- Work order: Please write out all the data that follows exactly, without the pictures.

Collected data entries
########

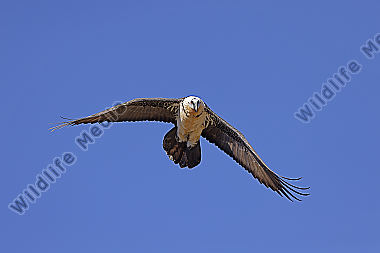 Bartgeier Altvogel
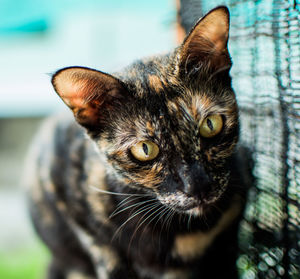 Close-up portrait of a cat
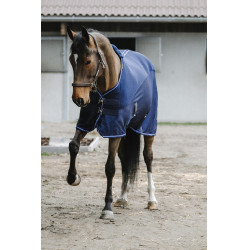 Camisa Equithème Classic 3D mesh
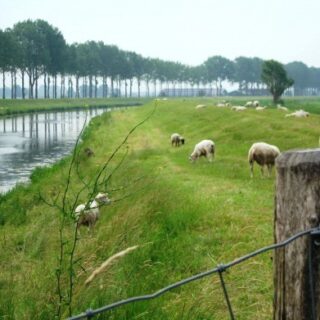 De Soestwetering tusen Wijhe en Zwolle.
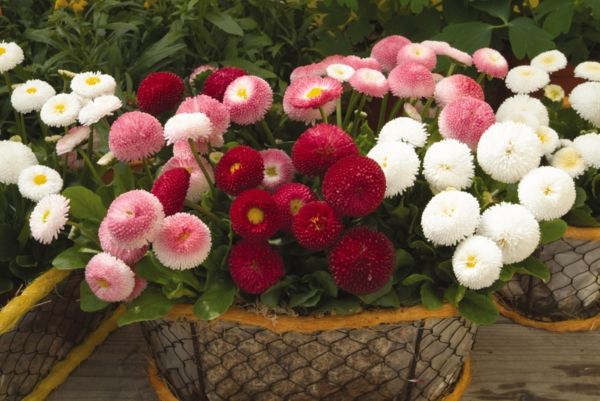 beautiful Bellis for terrace and balcony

########

- Result of this exercise:
 Bartgeier Altvogel
 Close-up portrait of a cat
 Camisa Equithème Classic 3D mesh
 De Soestwetering tusen Wijhe en Zwolle.
 beautiful Bellis for terrace and balcony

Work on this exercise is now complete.